The chambers stood three floors below the bride wing, accessed through a servants’ passage Sabine had not seen before. Warm air met them first. Then steam. Then the scent ofrose oil, linen starch, and something sharper underneath, ritual incense or temple preparation, she could not tell which.
Inside, the room had been arranged with the impersonal precision of ceremony that had swallowed women before and would again.
Long copper tubs filled with steaming water. Dressing screens arranged in a row. Tables laid with ivory silk, white ribbons, small glass vials of scented oil. Attendants waiting in matched dark dresses with their hair bound back and their hands already reaching.
Halvine stood near the far wall, observing.
She did not speak. She simply watched as the brides were guided, one by one, behind the screens.
Sabine’s attendant was older, efficient, and silent. She gestured once toward the screen. Sabine stepped behind it and began unlacing her gown.
The woman took it without comment and replaced it with a thin robe. “Into the water.”
Sabine lowered herself into the nearest tub. The heat struck hard enough to steal breath for a moment, then settled into her skin. The attendant poured rose-scented water over her hair, worked soap through it with quick impersonal hands, rinsed, and gestured for her to stand.
No modesty. No privacy. The robe had been removed. Another attendant dried her with warmed linen, then guided her to a low stool where a third woman combed her hair with steady strokes that pulled at her scalp until tears pricked at the corners of her eyes.
She heard Brinna’s voice from behind another screen, thin and apologetic. “I can do it myself—”
“Sit still.”
The same process repeated in variations across the room. Water. soap. oil rubbed into skin until it gleamed faintly in thelamplight. Hair dressed with no ornament, no personal style, only uniformity. When the attendant gestured Sabine toward the dressing table, she found the ivory gown already laid out.
Plain silk. High neck. Long sleeves. No house color. No embroidery. No jewels. Nothing that would let the galleries distinguish Corvyr from Vale, Marrow from Rennic, old blood from desperate.
The message was clear: the crown would decide what each of them was worth.
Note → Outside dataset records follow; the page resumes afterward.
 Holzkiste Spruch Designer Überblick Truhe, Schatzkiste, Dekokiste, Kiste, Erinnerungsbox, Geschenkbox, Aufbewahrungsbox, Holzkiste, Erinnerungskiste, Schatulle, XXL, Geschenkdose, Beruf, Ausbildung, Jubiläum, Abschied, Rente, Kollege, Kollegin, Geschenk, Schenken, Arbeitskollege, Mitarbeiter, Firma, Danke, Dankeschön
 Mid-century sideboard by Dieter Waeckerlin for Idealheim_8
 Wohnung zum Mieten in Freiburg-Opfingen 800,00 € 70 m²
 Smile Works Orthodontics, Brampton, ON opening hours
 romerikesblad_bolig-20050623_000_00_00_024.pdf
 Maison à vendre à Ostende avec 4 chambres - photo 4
Blood alone no longer mattered.
Sabine stepped into the gown and stood still while it was laced at her back. The silk sat against her skin like cold water, beautiful and unforgiving. When the attendant tied the final ribbon and stepped away, Sabine looked down at herself and saw a woman she barely recognized.
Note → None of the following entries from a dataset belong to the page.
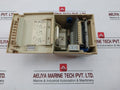Thermal Panel Printer Weight: 620 Gm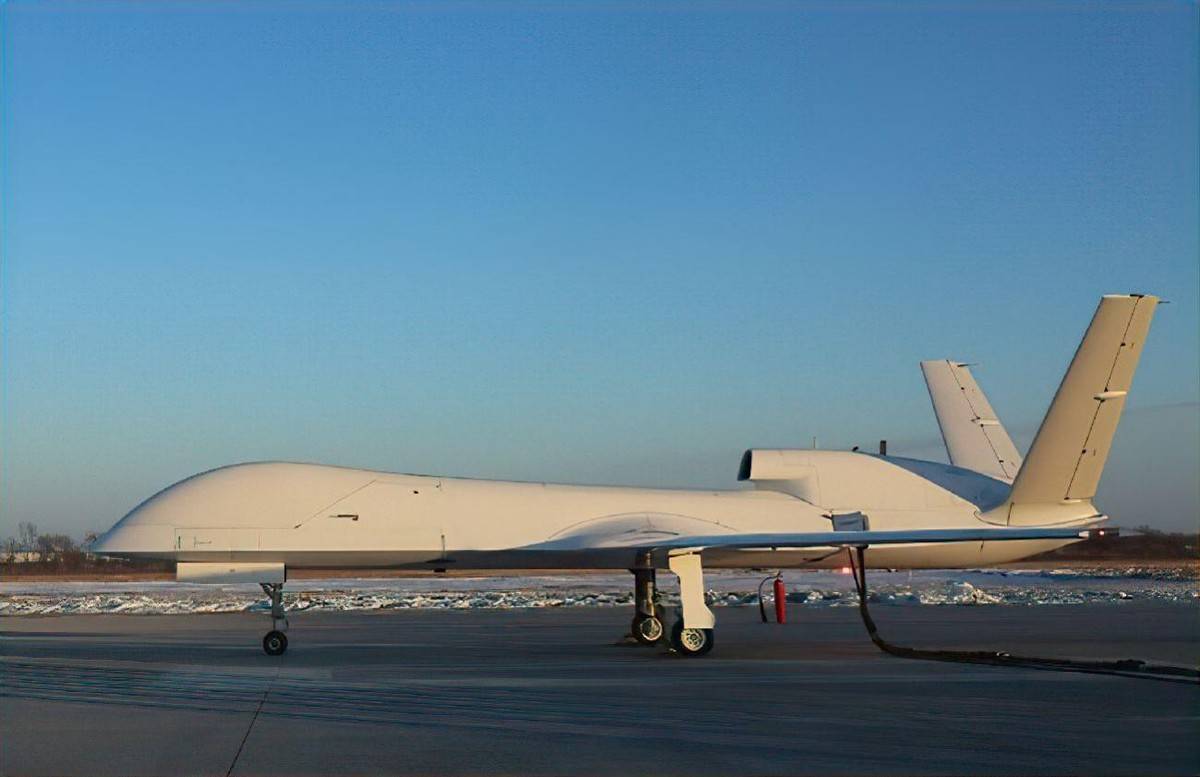 埃及斥资4亿美元<strong></p>
<p>虚拟数字货币</strong>，订购中国战机WJ-700，距歼-35只差一步！会有更多国家跟风吗？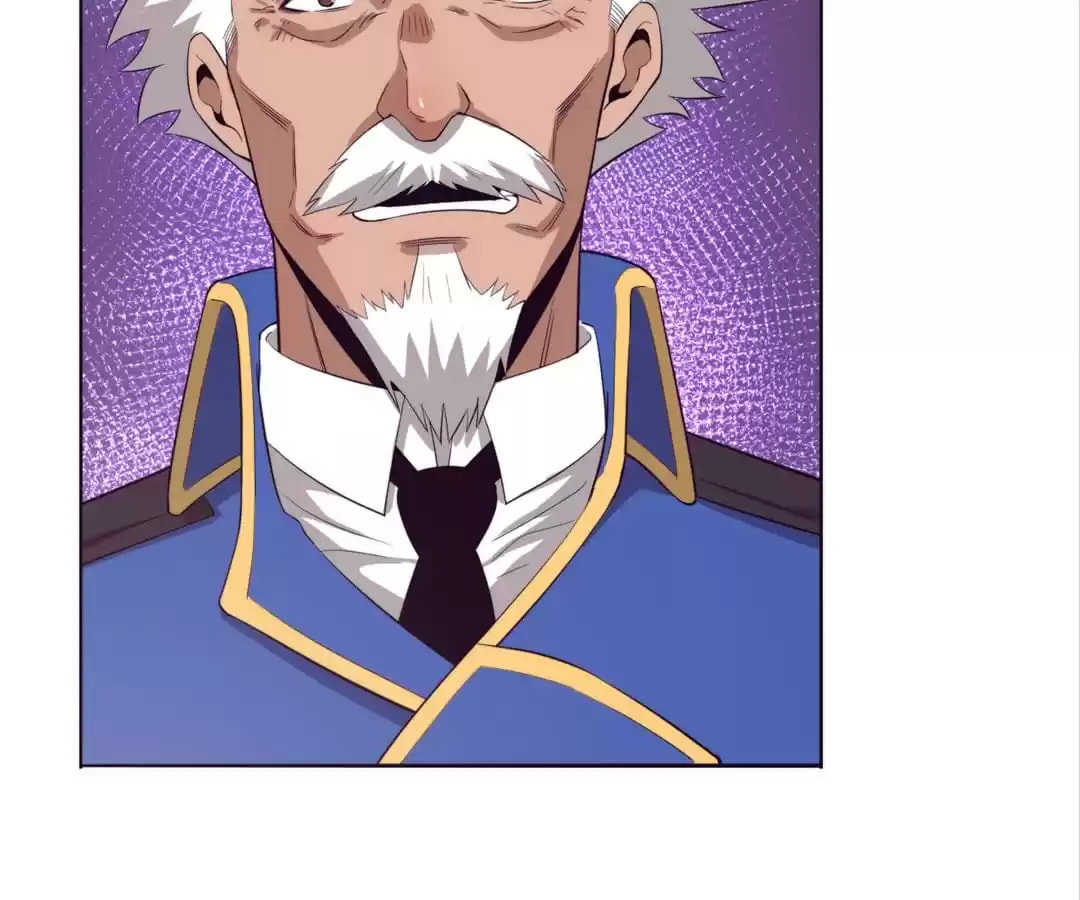Read The Unstoppable (Colored) chapter 28 image 41 on Lezhin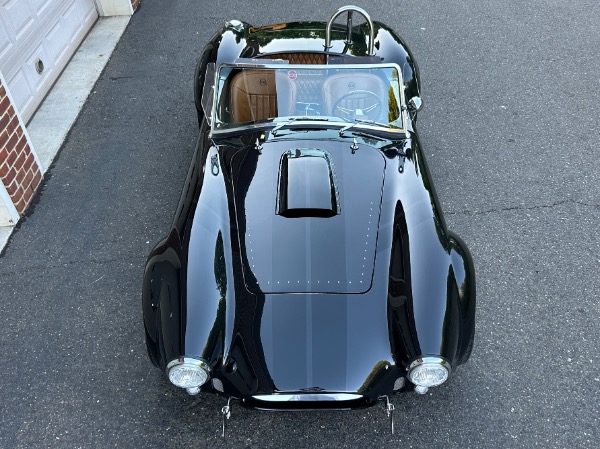 Used-1965-Backdraft-Racing-Cobra-RT4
Stripped. Prepared. Rendered into ceremony.
Around her, the other brides emerged from behind their screens in identical transformation. Pale figures in ivory silk, differentiated only by height, bearing, and the things no gown could erase, beauty, fear.
Yselle appeared near the center of the room and somehow made the plainness look like command. Her posture alone announced that uniformity could not reduce her. Tavi’s shoulders stayed stiff, her jaw set, ivory silk constraining rather than softening. Brinna looked younger in the pale gown, fragile enough that one of the attendants checked the laces twice as if afraid she might simply vanish inside the fabric.
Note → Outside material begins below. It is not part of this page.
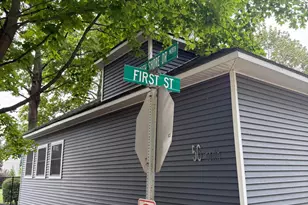 7218 Wells St, South Haven, MI 49090 - Photo 17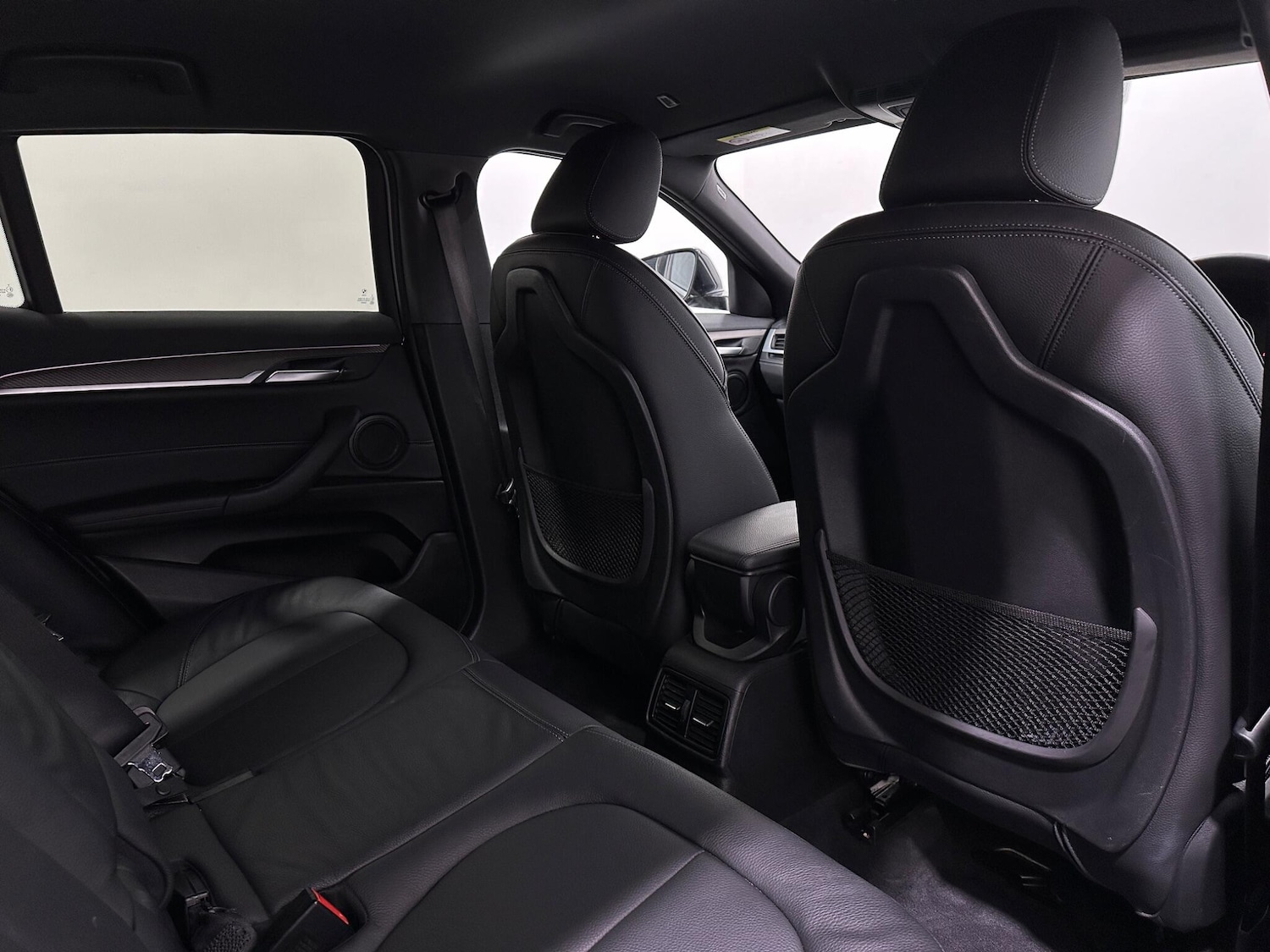 Used BMW X2 2020 for sale - 76878993: Photo 39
Halvine moved to the center of the room.
“You will proceed in silence,” she said. “You will walk in the order assigned. You will enter the Hall with composure. The galleries are watching. The court is watching. The crown is watching. You will give them nothing but dignity.”
She paused, gaze sweeping the room.
“What happens in the Hall of Selection is witnessed by kingdom and temple alike. Once you enter, there is no retreat. The ceremony proceeds until the crown’s chosen have been named. Remember what you are here to be.”